**PROVIDED RECORDS:**

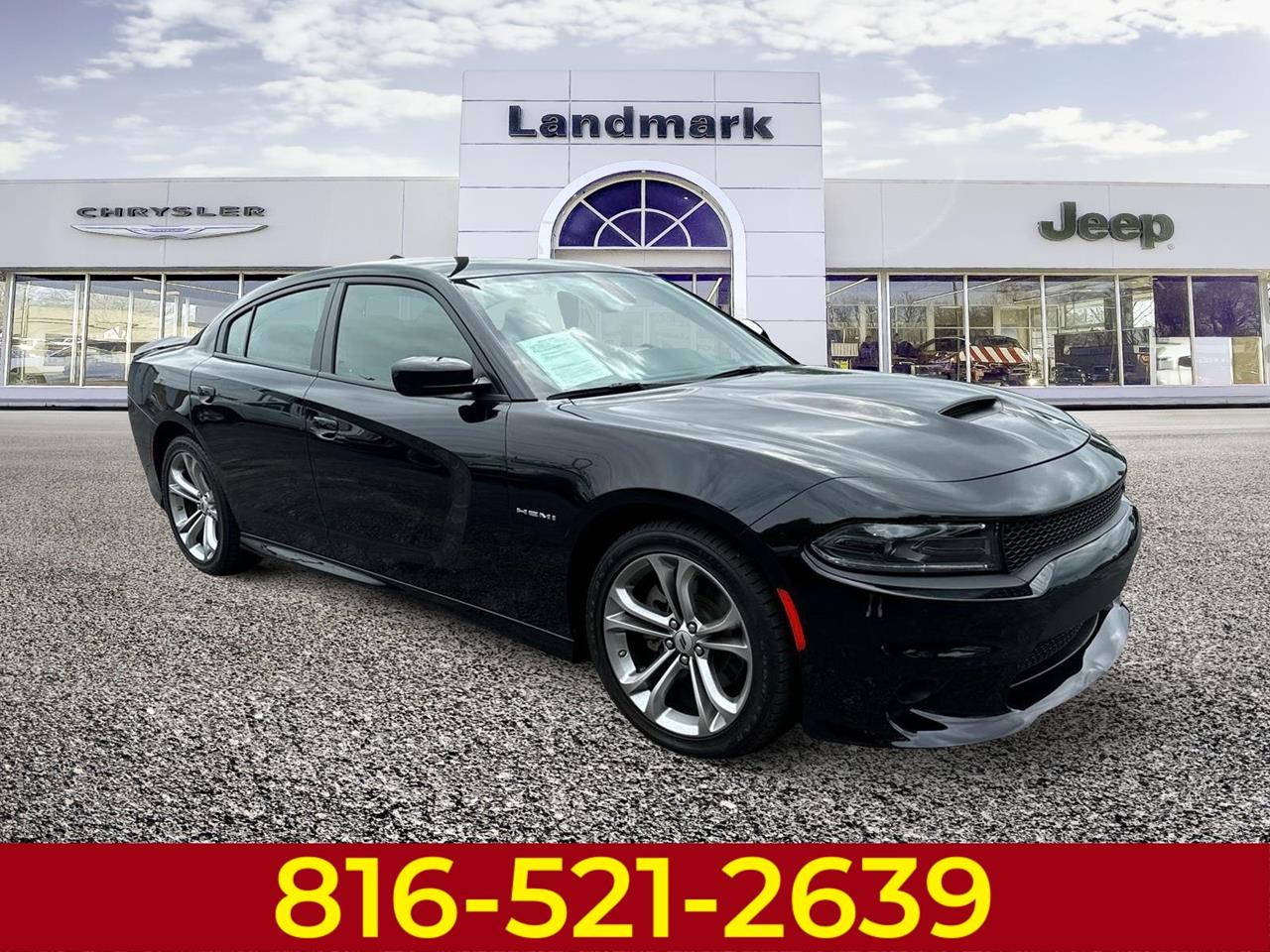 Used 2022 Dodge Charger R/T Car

---

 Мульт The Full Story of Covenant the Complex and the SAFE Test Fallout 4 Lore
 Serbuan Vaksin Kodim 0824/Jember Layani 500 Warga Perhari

* * *

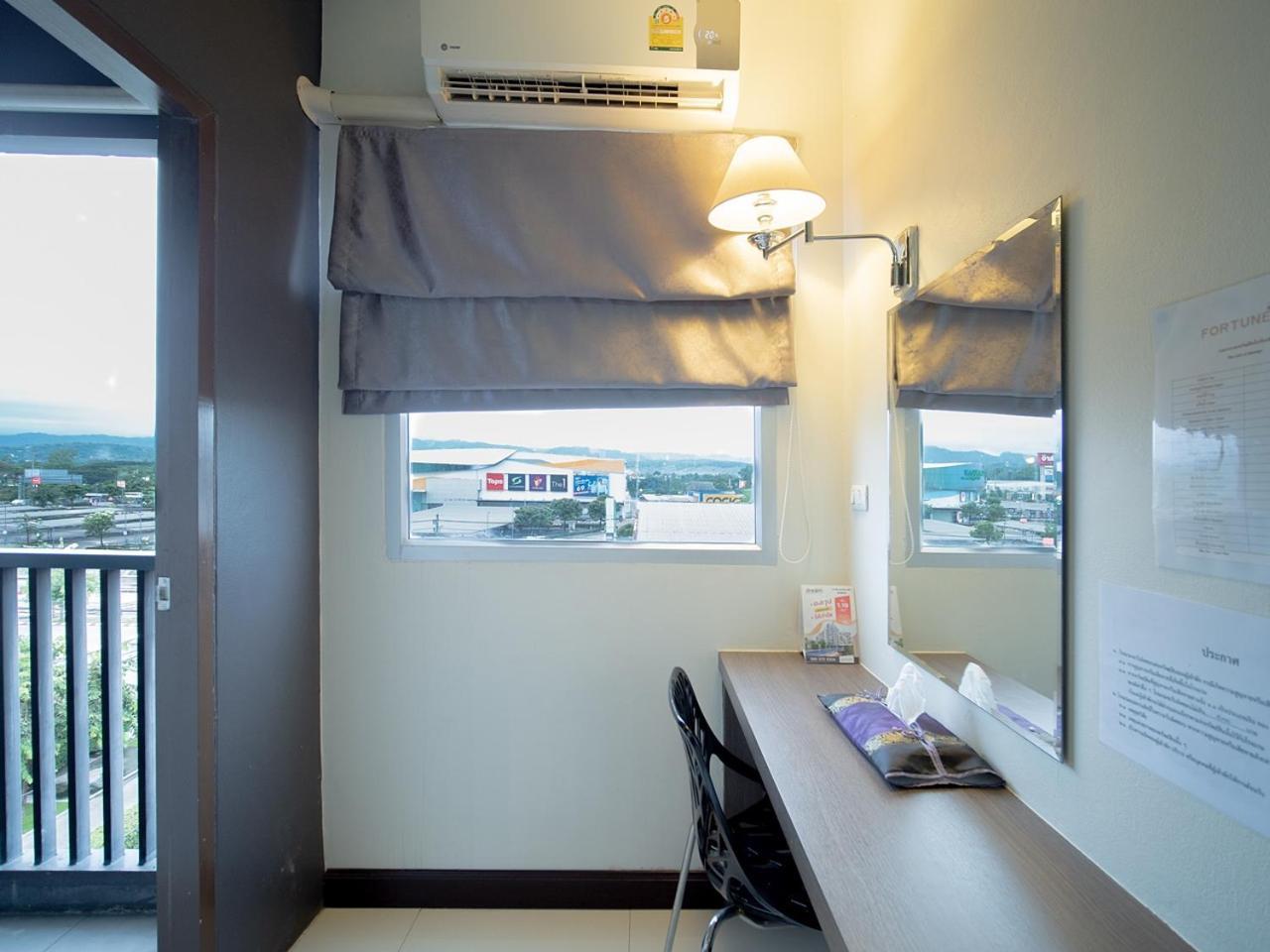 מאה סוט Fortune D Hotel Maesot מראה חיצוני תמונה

**PROBLEM:** After locating the line holding "Мульт The Full" above, output exactly that line and every line after it through the line holding "Serbuan Vaksin Kodim". Include nothing else.

**WRITTEN SOLUTION:**
 Мульт The Full Story of Covenant the Complex and the SAFE Test Fallout 4 Lore
 Serbuan Vaksin Kodim 0824/Jember Layani 500 Warga Perhari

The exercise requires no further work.